During President Trump’s first State of the Union address Tuesday night, he repeatedly tried to conflate immigrants, including DREAMers, with terrorists and gang members—the latest in a string of racist or xenophobic statements Trump has made throughout his time in office.
Yet, on Tuesday night, many lawmakers with the Congressional Black Caucus protested against Trump’s racism—and his recent comments calling African nations “shithole countries”—by wearing traditional African kente cloth.
For more on the State of the Union, we speak with Minnesota state Representative Ilhan Omar, the highest-elected Somali-American public official in the United States.

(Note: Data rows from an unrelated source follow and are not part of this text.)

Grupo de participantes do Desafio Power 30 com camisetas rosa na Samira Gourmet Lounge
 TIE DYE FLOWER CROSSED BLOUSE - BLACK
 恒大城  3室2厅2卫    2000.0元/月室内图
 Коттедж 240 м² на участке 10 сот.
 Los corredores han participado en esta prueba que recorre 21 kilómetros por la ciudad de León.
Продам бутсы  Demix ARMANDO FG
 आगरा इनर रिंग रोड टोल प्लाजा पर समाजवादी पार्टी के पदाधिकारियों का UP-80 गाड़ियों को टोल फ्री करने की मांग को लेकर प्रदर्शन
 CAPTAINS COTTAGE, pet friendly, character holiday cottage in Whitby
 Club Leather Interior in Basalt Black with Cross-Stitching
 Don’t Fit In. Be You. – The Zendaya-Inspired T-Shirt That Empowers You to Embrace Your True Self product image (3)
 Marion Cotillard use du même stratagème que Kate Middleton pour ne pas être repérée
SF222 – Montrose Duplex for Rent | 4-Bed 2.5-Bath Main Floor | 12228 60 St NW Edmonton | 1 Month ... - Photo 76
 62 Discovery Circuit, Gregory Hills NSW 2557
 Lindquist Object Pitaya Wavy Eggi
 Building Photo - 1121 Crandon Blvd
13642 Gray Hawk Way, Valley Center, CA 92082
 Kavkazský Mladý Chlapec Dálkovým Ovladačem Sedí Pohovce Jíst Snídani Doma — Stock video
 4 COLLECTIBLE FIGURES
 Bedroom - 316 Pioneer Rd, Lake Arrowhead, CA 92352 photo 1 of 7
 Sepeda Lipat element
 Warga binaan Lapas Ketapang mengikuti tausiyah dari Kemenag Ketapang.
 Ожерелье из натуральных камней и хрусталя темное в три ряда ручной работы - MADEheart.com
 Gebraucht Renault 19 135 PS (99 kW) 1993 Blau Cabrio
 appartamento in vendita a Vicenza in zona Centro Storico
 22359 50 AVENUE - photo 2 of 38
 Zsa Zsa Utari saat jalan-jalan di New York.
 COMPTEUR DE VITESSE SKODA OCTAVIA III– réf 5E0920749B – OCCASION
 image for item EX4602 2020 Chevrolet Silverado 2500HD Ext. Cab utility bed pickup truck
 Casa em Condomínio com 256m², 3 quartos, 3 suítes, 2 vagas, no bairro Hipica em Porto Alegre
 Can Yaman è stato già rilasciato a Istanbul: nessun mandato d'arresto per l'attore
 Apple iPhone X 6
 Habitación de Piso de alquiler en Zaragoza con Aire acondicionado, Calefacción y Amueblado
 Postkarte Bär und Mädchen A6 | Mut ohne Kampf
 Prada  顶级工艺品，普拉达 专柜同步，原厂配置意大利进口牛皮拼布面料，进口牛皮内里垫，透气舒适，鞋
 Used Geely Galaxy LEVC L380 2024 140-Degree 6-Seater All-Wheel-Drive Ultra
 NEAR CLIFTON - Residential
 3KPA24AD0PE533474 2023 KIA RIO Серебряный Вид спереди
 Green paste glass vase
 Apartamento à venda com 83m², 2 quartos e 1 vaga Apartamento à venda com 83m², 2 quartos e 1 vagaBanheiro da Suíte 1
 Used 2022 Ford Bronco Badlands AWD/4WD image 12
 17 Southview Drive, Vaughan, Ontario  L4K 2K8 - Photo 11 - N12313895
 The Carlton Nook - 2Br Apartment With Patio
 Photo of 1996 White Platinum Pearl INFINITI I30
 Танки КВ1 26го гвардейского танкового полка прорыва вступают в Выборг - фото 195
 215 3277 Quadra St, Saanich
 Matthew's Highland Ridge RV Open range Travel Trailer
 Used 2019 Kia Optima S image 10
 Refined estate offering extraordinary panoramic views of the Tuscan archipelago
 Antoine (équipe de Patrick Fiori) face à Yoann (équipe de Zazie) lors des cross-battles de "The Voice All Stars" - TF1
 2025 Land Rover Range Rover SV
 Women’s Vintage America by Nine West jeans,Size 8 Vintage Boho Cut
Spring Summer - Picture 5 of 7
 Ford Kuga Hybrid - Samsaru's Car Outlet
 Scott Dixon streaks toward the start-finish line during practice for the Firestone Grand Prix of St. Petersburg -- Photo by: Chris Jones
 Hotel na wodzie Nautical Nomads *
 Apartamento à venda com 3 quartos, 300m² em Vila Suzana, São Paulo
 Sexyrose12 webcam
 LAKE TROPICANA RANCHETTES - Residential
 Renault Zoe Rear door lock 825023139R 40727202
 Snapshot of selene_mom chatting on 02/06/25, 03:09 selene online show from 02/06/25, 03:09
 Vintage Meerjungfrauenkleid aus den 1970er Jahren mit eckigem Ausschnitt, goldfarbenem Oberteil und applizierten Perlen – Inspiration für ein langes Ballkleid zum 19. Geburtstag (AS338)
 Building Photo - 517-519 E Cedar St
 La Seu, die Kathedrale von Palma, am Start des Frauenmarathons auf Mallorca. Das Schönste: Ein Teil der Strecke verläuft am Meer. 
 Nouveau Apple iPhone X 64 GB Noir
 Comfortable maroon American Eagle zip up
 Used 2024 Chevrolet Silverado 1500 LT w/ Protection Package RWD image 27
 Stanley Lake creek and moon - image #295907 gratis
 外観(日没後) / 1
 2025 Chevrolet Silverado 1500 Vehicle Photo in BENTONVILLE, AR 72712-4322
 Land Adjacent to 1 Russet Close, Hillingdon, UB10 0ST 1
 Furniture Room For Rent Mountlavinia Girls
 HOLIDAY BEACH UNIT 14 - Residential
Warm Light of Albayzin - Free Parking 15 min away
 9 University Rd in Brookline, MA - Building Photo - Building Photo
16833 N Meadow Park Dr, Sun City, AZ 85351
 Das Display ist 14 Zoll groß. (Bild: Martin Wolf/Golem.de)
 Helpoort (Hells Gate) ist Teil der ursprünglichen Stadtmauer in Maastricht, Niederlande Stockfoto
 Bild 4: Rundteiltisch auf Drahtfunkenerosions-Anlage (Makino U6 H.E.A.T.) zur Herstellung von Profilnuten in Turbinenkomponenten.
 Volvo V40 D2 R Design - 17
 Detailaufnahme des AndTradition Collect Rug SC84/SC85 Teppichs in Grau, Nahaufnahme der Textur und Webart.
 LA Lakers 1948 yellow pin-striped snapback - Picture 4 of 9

AMY GOODMAN: This is Democracy Now!, as we look at President Trump’s first State of the Union, spending the hour on it. On Tuesday night, some Democrats in the chamber booed when President Trump used the term “chain migration” and tried to link terrorist attacks to policies allowing recent immigrants to sponsor relatives.
PRESIDENT DONALD TRUMP: The fourth and final pillar protects the nuclear family by ending chain migration. Under the current broken system, a single immigrant can bring in virtually unlimited numbers of distant relatives. Under our plan, we focus on the immediate family by limiting sponsorships to spouses and minor children.
This vital reform is necessary not just for our economy, but for our security and for the future of America. In recent weeks, two terrorist attacks in New York were made possible by the visa lottery and chain migration. In the age of terrorism, these programs present risks we can just no longer afford. It’s time to reform these outdated immigration rules and finally bring our immigration system into the 21st century.
AMY GOODMAN: That was President Trump at his State of the Union.
Joining us now, Minnesota state Representative Ilhan Omar, former refugee, Muslim, the highest-elected Somali-American public official in the United States. You were in Washington, D.C., from Minnesota, to attend one of the alternative State of the Unions, Ilhan Omar. Can you respond to what President Trump said last night?
REP. ILHAN OMAR: Yeah, thank you, Amy, for having me. I was just sort of listening to that little bizarre bit about our immigration programs being outdated, and the only thing I could think about was his fascist ideas being outdated.
AMY GOODMAN: Talk specifically about these linkages he made, continually, this line he drew between young people coming to the United States over the border and MS-13 killing people.
REP. ILHAN OMAR: I mean, it is really disappointing, and it saddens me, but it doesn’t surprise me, that this person can’t comprehend how dangerous it is to create a link between people who might be committing some atrocious crimes to immigrants that are coming to this country seeking a brighter future for their children, and the countless people from Central America and South America who are coming to this country for opportunities, that my family came here for, and many of the immigrants before us came. It is unbecoming of a president and a leader to be able to make those kind of disturbing and disgusting links.
AMY GOODMAN: You’re a part of a group, as a young Somali-American Muslim legislator, of America’s Cabinet, a nonpartisan project launched by young elected officials. Can you talk about what this is?
REP. ILHAN OMAR: Yeah. We realize that, this past year, we could be in the streets, we could resist some of the horrendous ideas that are coming out of Washington, or we could—or we could get involved as young electeds who have fluency and understanding of what our constituents need. We believe we have bold ideas that are going to lead our country to be able to keep up with fulfilling its promise.